____ Supplied records

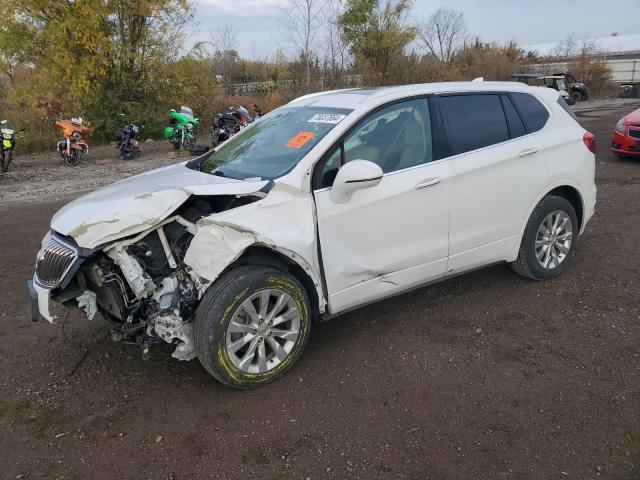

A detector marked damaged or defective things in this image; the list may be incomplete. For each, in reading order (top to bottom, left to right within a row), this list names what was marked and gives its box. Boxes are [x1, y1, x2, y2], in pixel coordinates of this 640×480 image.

damaged hood [50, 163, 268, 249]
wrecked white suv [27, 82, 596, 388]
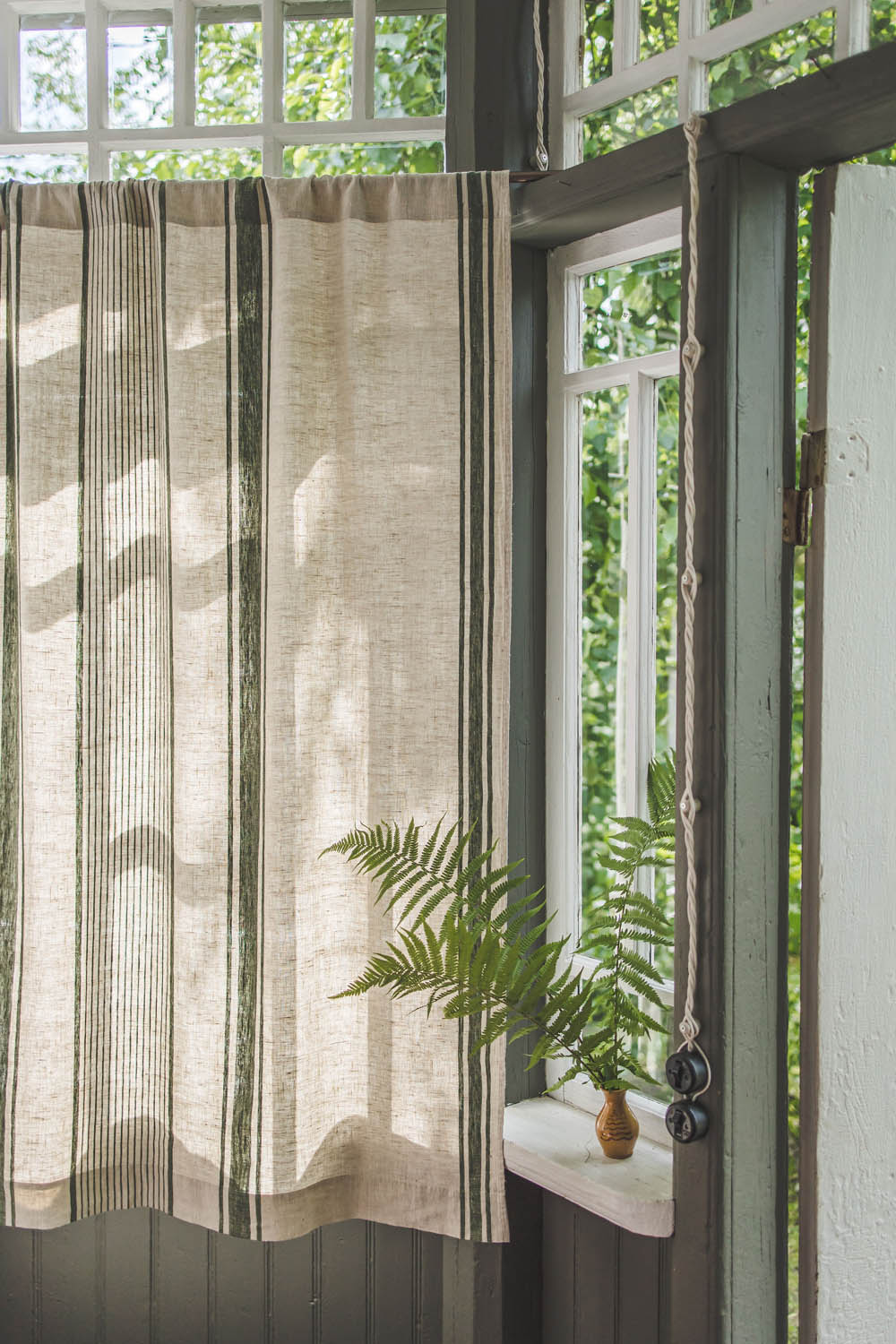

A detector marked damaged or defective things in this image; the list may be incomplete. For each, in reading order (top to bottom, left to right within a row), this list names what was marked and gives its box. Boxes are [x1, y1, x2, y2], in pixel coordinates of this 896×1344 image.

rusty hinge [784, 430, 827, 546]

________

- Task -
Your answer should consist only of the lines from the one that holds "this 896×1344 image." to the end of the entries above, both ends included, each repeated exactly.

- Completed task -
A detector marked damaged or defective things in this image; the list may be incomplete. For each, in reading order (top to bottom, left to right within a row), this list names what was marked and gives its box. Boxes are [x1, y1, x2, y2], in pixel coordinates of this 896×1344 image.

rusty hinge [784, 430, 827, 546]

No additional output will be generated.